Damit soll der US-Präsident Woodrow Wilson milde gestimmt werden in Bezug auf Waffenstillstandsbedingungen, die in diplomatischen Noten zwischen Berlin und Washington ausgetauscht werden. Wilson bleibt aber hart und besteht vorab auf vollständiger Einstellung des U-Boot-Krieges und dem deutschen Rückzug aus Belgien und dem noch besetzten Streifen Nordfrankreichs. Der de facto führende Kopf der Heeresleitung, General Erich Ludendorff, wird am 26. Oktober zum Rücktritt bewegt. Am 29. Oktober weigern sich Matrosen in Wilhelmshaven, mit Schiffen der Hochseeflotte zu neuen Kampfhandlungen auszulaufen.
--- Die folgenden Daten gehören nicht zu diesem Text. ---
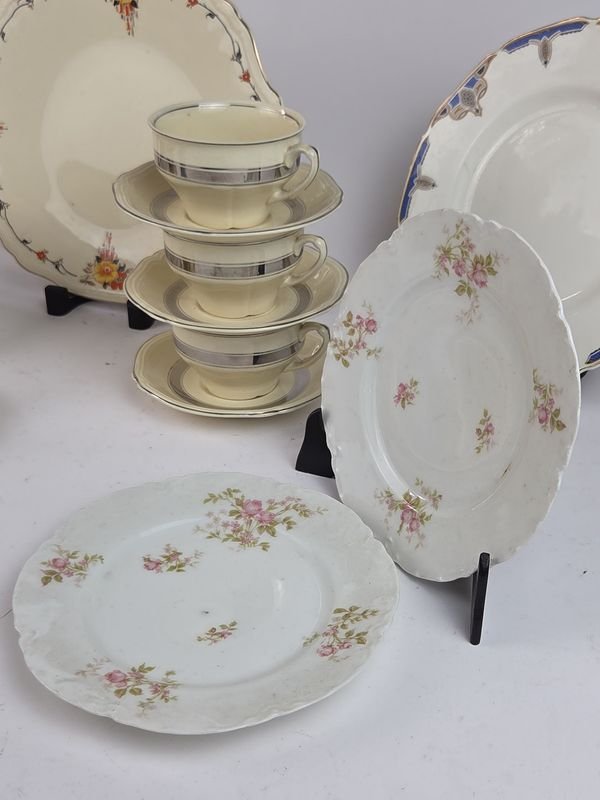 Item 830074 - Image 1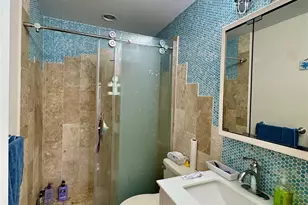 7 Juniper Ln, Pawling, NY 12564 - Photo 23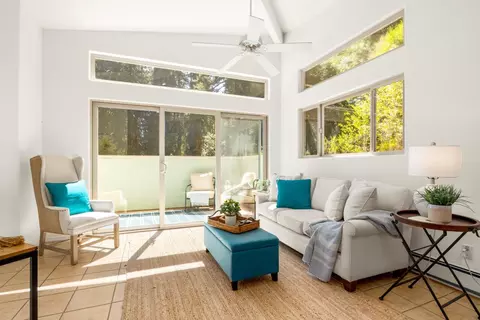 Other - 4377 Porter Gulch Rd, Aptos, CA 95003 photo 4 of 17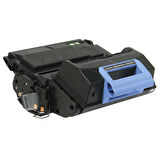 Hp 45a-q5945a Muadil Toner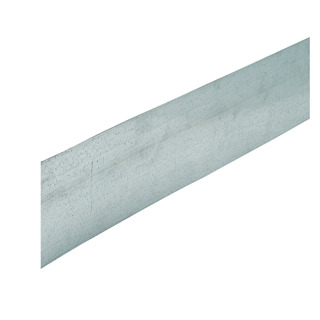 PLÅTBAND PB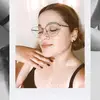 Wanda Alfaro - @wandaalfaro7 - TikTok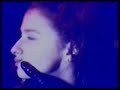 Malice Mizer - Illuminati [p-type] PV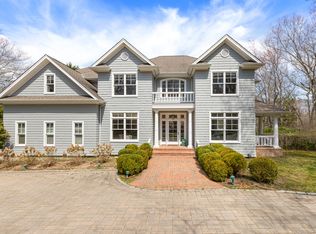 143 Northside Dr, Sag Harbor, NY 11963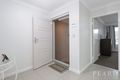 Property photo of 6 Jutland Way The Vines WA 6069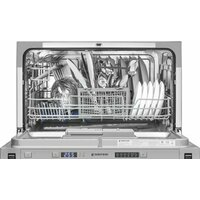 Meferi MDW4563 Compact Power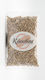 Kosyvas Raw Shelled Sunflower Seeds 100g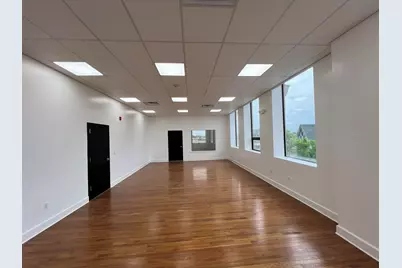407 39th St #502, Union City, NJ 07087 - Photo 3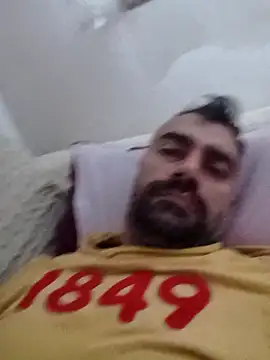 Snapshot of kevgir08 chatting on 24, 5, 2026 kevgir08 online show from 24, 5, 2026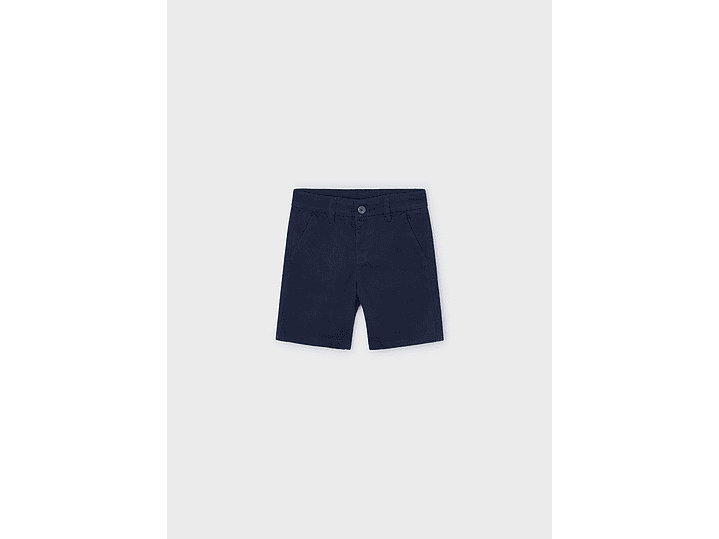 Bermuda Mayoral 2024 1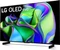 LG OLED42C37LA Vorschaubild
Durchhalteparolen: An der Heimatfront″ in Osnabrück herrscht Anfang Oktober in dieser Schicksalsstunde Deutschlands″ noch Hoffnung auf einen ehrenvollen und unseren Interessen gerecht werdenden Frieden″, wie der Kommentar im Osnabrücker Tageblatt″ ihn fordert. Das Reich hat seine neuen Männer, denen man bitte Vertrauen schenken soll.″ Der amerikanische Präsident habe die tief greifenden Wandlungen im deutschen Verfassungswesen″ sicherlich positiv vermerkt.

Kriegsanleihe: Noch wird kräftig Werbung für eine neue Kriegsanleihe gemacht, die neunte. Es soll die letzte sein. Um anderslautenden Gerüchten entgegenzutreten, lässt das Reichsbankpräsidium verkünden: Wer Kriegsanleihe zeichnet, verlängert nicht den Krieg! Nur ein schlechtes Ergebnis der Kriegsanleihe würde den Krieg verlängern. Denn unsere Feinde würden dann unseren wirtschaftlichen Zusammenbruch erhoffen und frischen Mut zum Weiterkämpfen schöpfen.″ Die Osnabrücker Banken springen auf den Werbefeldzug auf und leiten die Zeichnungsaufträge kostenfrei weiter. Fünf Prozent Zinsen werden versprochen bei einem attraktiven Ausgabekurs von 98 Prozent.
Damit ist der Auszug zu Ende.